Interkulturelle Kompetenz

«Je weniger ein Leader zuhört, desto grösser ist das Risiko des Misserfolgs»

Peter Robinson ist bei Burger King CEO der Region EMEA mit Hauptsitz in Zug. Für den gebürtigen Londoner zeigt sich gute Führung vor allem in Respekterweisung und ehrlichem Zuhören. In der Praxis sei diese Einstellung nicht so häufig zu finden, doch beim Leadership interkultureller Teams sei sie massgeblich für den Nutzen der Diversität, sagt der Brite.

Was sind die häufigsten Fehler, die Chefs unterlaufen?

Peter Robinson: In der Theorie reden viele Chefs zwar vom aktiven Zuhören, es wird in diversen Managementseminaren beinahe gepredigt, aber echte Anwendung findet genuines Zuhören nach meinen Beobachtungen weniger.

Woran machen Sie das fest?

Ein Mitarbeitender hat mir einmal gesagt, er habe es nie zuvor erlebt, dass sich sein Vorgesetzter mit ihm zusammen hinsetzt und über allgemeine Dinge spricht. Ich rede einfach gerne mit Menschen und behandele sie so, wie ich auch selbst von meinen Chefs behandelt werden möchte – nämlich mit gegenseitigem Respekt.

Weshalb wird denn Ihrer Meinung nach das einfache Gespräch zwischen Führungspersonen und Mitarbeitenden in der Praxis so sehr unterschätzt?

Menschen schauen immer öfter auf ihre physische Fitness. Wenn jemand dynamisch durch die Gänge läuft, muss es ihm ja gut gehen, ist die weitläufige Denkweise. Meiner Ansicht nach wird aber dem mentalen Zustand von Mitarbeitenden viel zu wenig Beachtung geschenkt. Wenn Sie als Chef Ihrem gesamten Team gegenüber eine gewisse intellektuelle Neugier zeigen, haben Sie automatisch deren Motivation für ihren Job, erst dann interessieren sich die Leute wirklich für das, was sie täglich tun.

Worüber reden Sie in solchen Gesprächen – über Gott und die Welt?
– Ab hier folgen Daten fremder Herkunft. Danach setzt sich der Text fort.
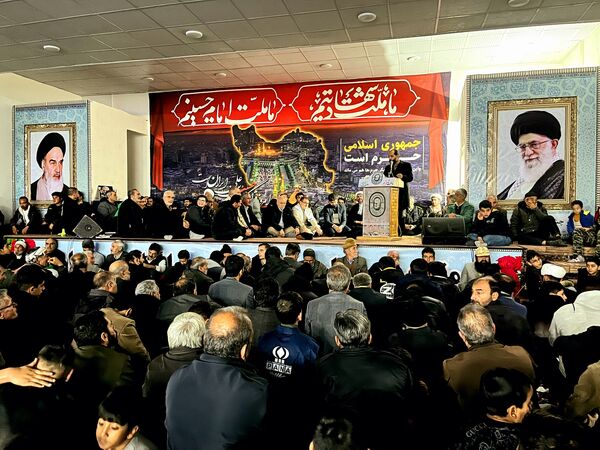 مراسم پنجمین سالگرد شهادت سردار سلیمانی در ناحیه سپاه سملقان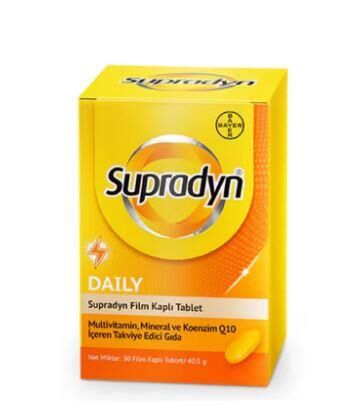 Supradyn Daily Koenzim Q10 30 Film Kaplı Tablet
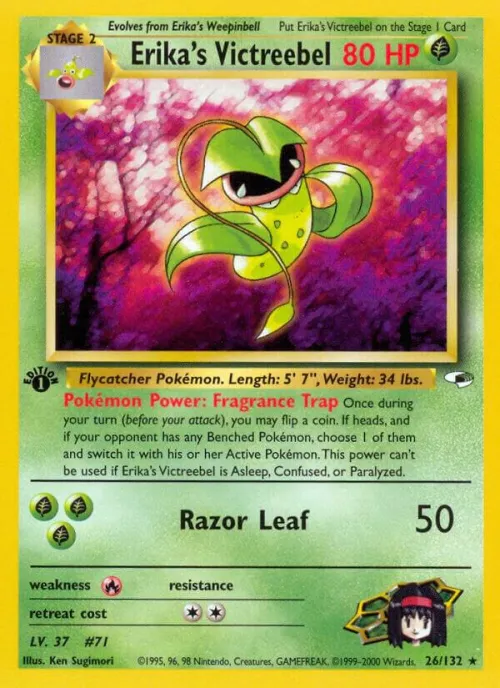 Erika's Victreebel - Unlimited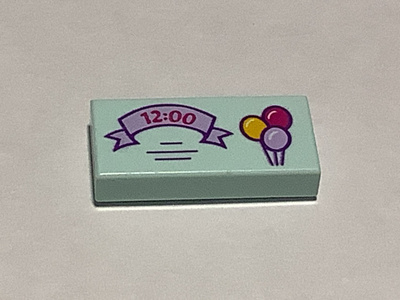 Lego Friends tervetuloa -kortti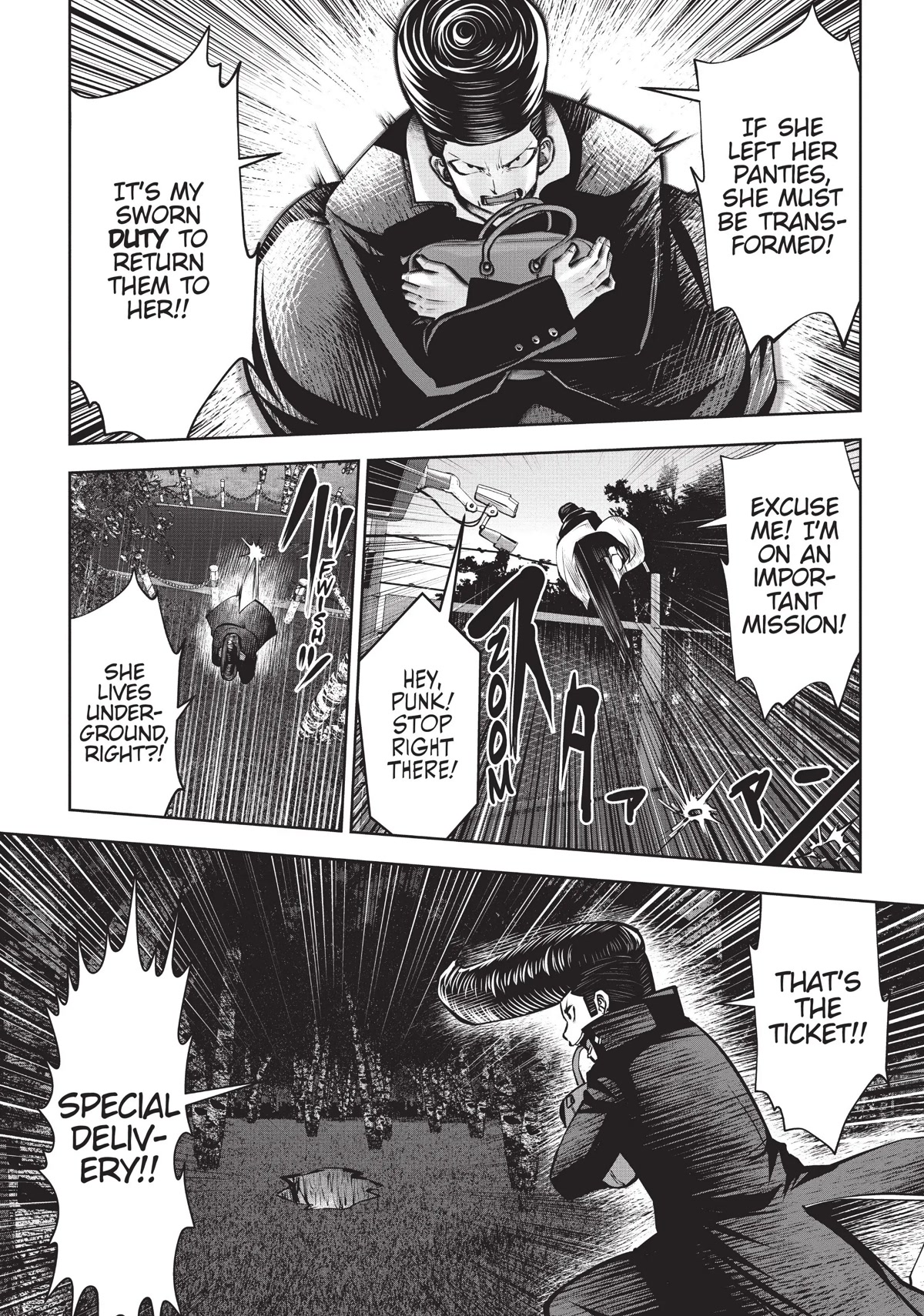 Machigatta ko wo Mahou Shoujo ni Shite Shimatta Chapter 58 - Page 41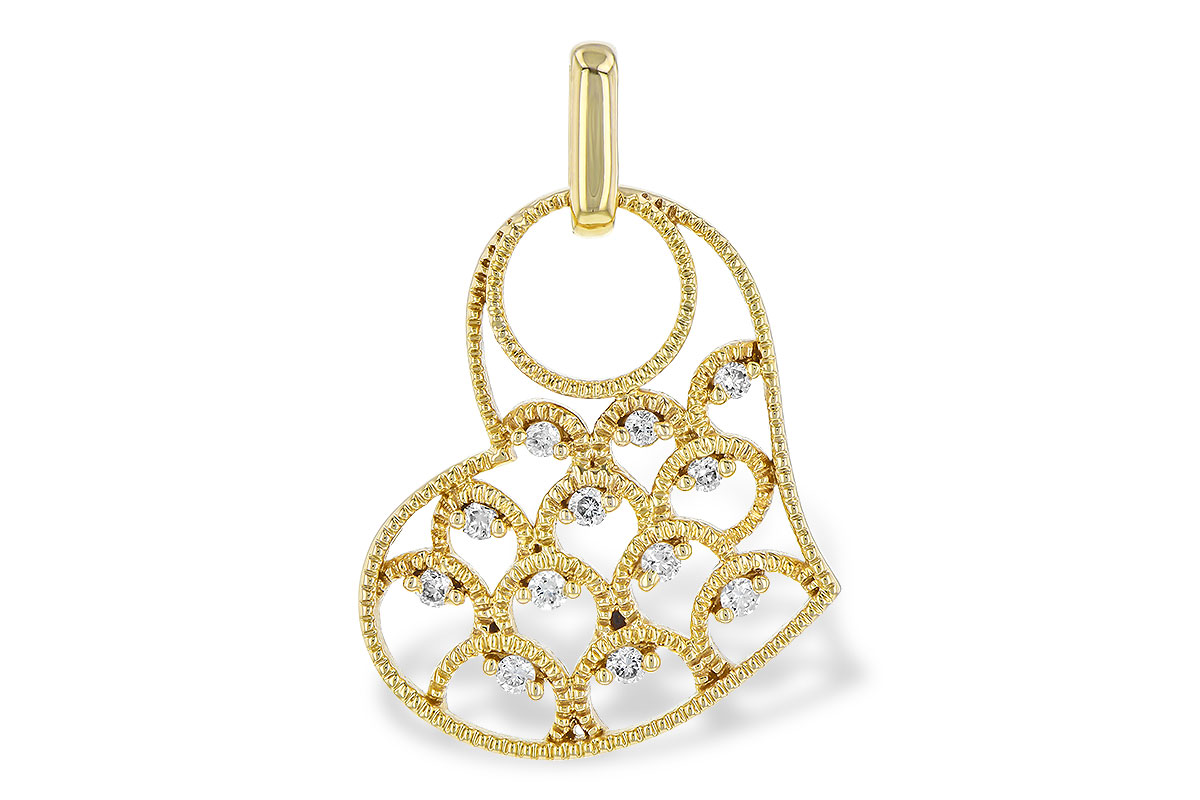 F229-40827: PENDANT .08 TW
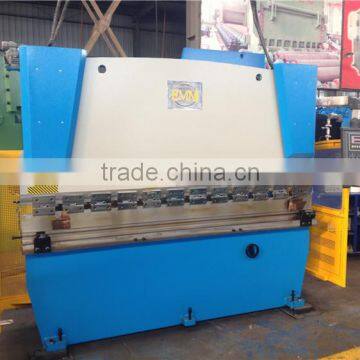 EMM WC67Y-125/4000 E21 Hydraulic Metal Sheet Press Brake Machine for Sales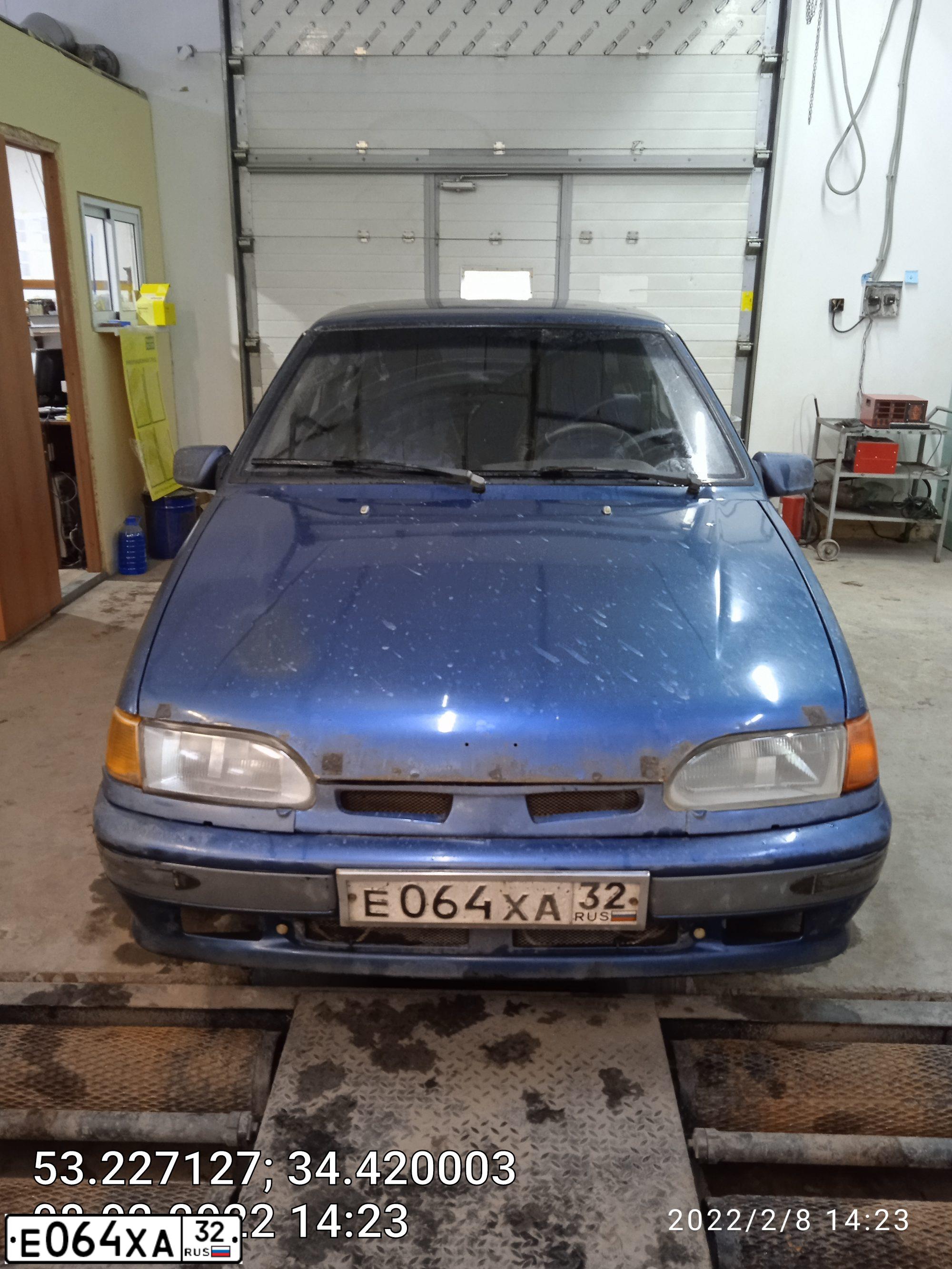 Фото автомобиля LADA 2115 SAMARA, 2004 — госномер У227ТН57. Цвет: СИНЕ-ЗЕЛЕНЫЙ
Ich höre mir gerne Geschichten von Menschen an. Wenn ich mich mit Kollegen in Ägypten unterhalte, dann finde ich es faszinierend zu hören, wie dort beispielsweise Jungunternehmer neue Firmen von Null an aufbauen und sie dann auch noch zum Erfolg bringen. Eine solche Geschichte sagt mir zusätzlich einiges über die erzählende Person aus. Denn die Art und Weise, wie dieser Mitarbeitende die Geschichte erzählt, wie lange er braucht, um auf den Punkt zu kommen, seine Prioritäten im Leben und viele andere Aspekte, die sich implizit zeigen – alles das gibt mir sehr viel verpackte Information über meine zukünftige Zusammenarbeit mit ihm. Es findet sich immer ein Link zwischen der Geschichte eines Mitarbeitenden und dem Geschäft beziehungsweise der Position dieses Menschen. Im Kern geht es dabei um nichts anderes als um den Aufbau einer zwischenmenschlichen Beziehung.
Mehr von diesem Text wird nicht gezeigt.